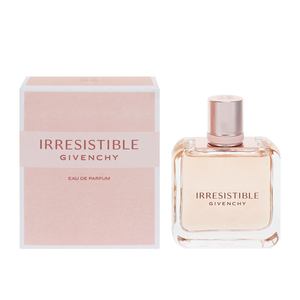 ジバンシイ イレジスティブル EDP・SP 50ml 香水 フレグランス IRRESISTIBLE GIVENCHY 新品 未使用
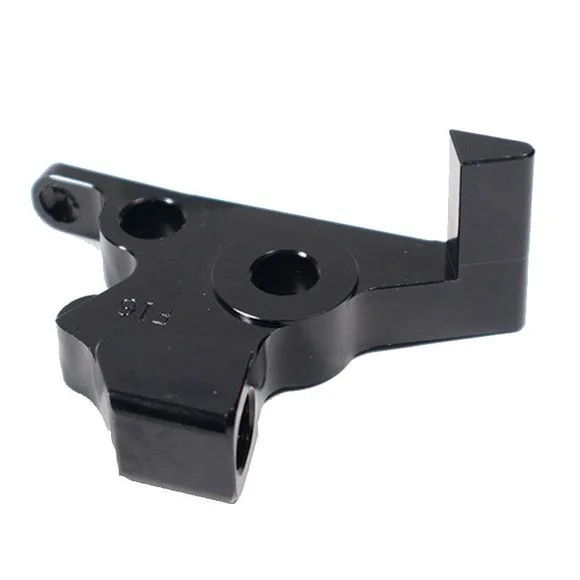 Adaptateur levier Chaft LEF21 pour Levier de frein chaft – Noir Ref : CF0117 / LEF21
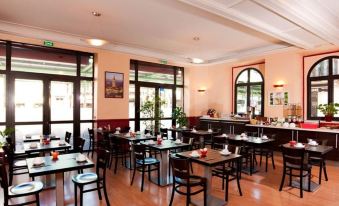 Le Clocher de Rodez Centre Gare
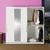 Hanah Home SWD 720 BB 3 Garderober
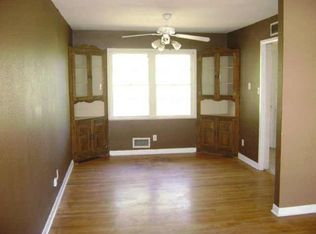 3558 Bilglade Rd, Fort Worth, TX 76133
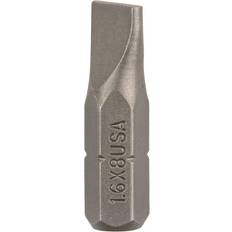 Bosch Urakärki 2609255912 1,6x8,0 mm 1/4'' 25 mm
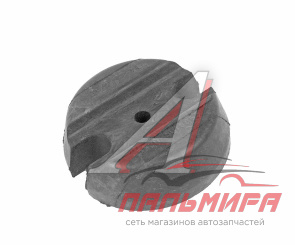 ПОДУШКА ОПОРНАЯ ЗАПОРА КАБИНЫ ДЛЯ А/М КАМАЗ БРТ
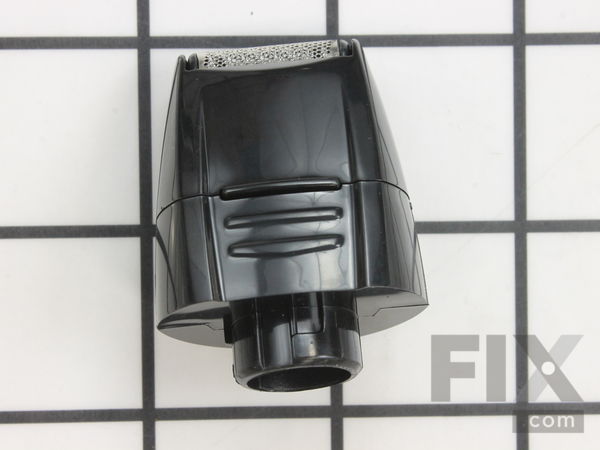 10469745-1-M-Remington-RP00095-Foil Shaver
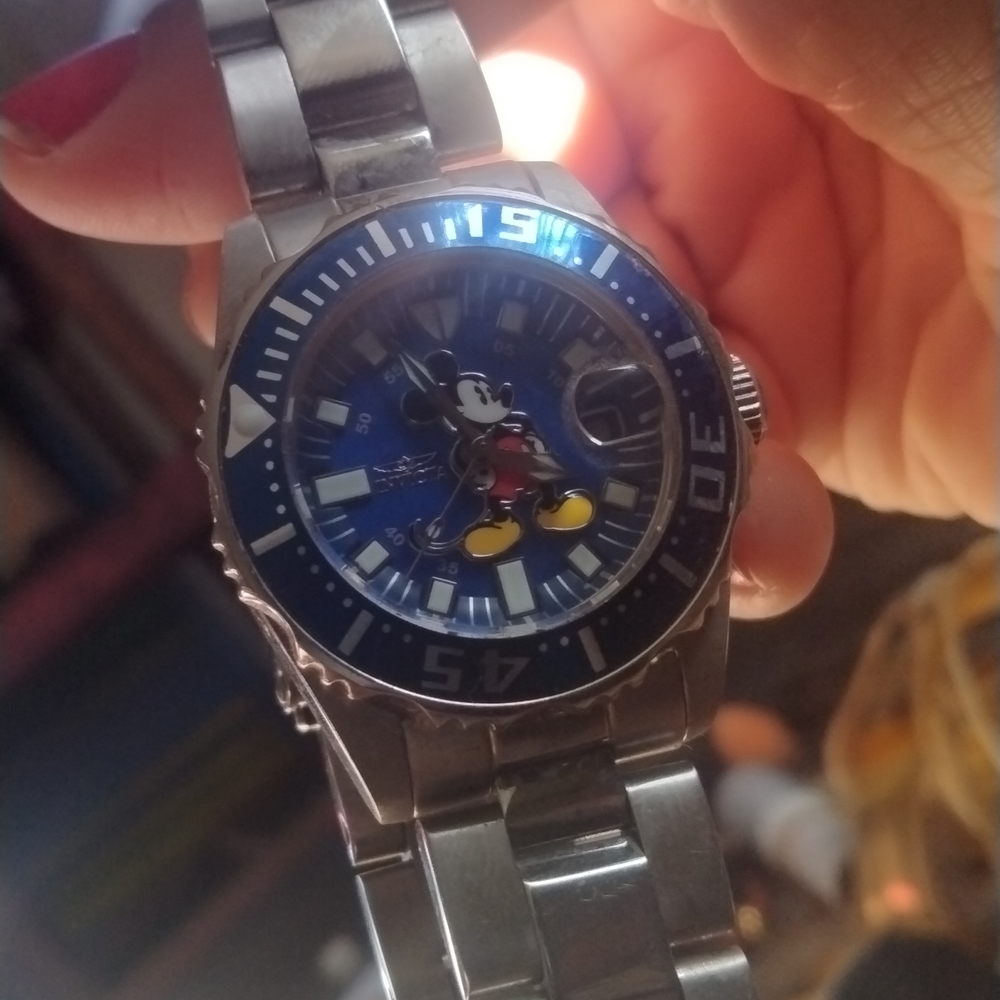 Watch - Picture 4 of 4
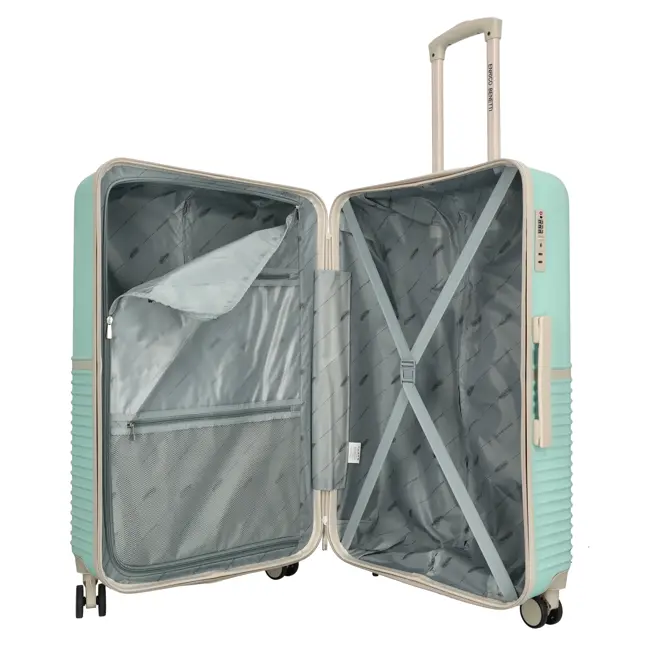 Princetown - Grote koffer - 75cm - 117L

...

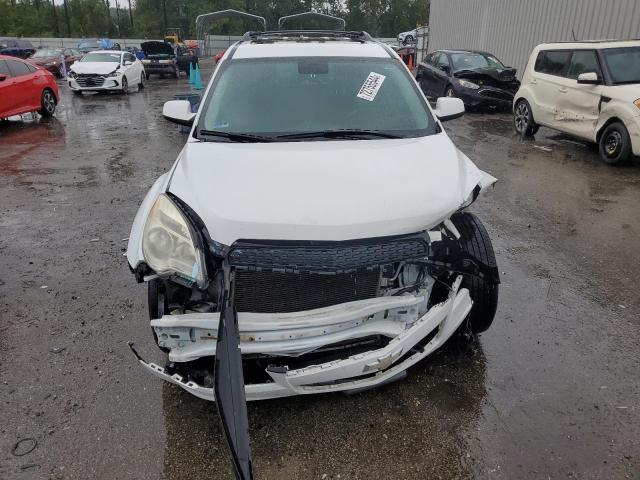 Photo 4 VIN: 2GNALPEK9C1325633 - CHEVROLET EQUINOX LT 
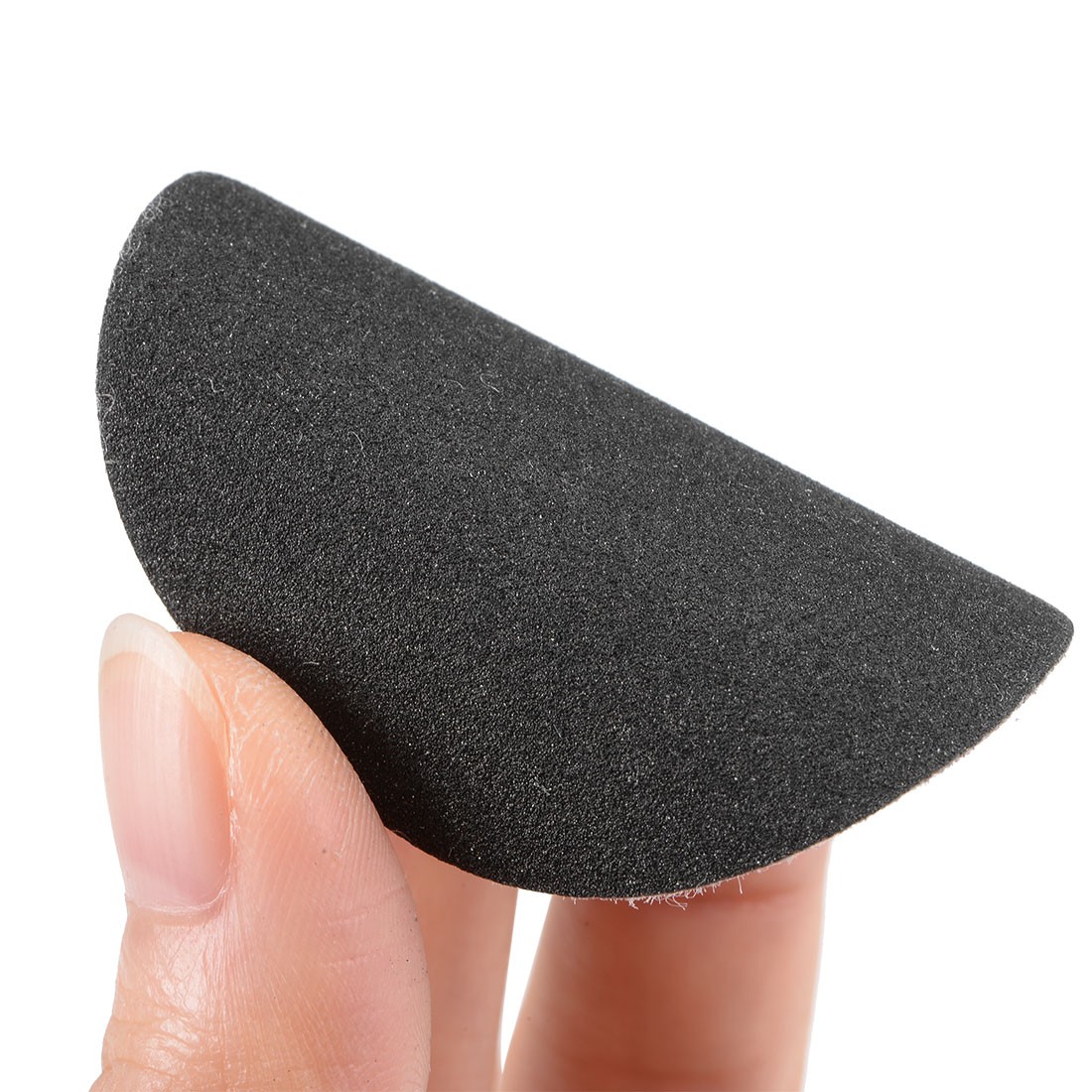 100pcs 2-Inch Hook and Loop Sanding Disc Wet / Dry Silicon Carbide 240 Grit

Task description:
Print exactly the lines above that run from the one with "Le Clocher de Rodez Centre Gare" down to the one with "Princetown - Grote koffer - 75cm - 117L", and omit the pictures.

Exercise result:
 Le Clocher de Rodez Centre Gare
 Hanah Home SWD 720 BB 3 Garderober
 3558 Bilglade Rd, Fort Worth, TX 76133
 Bosch Urakärki 2609255912 1,6x8,0 mm 1/4'' 25 mm
 ПОДУШКА ОПОРНАЯ ЗАПОРА КАБИНЫ ДЛЯ А/М КАМАЗ БРТ
 10469745-1-M-Remington-RP00095-Foil Shaver
 Watch - Picture 4 of 4
 Princetown - Grote koffer - 75cm - 117L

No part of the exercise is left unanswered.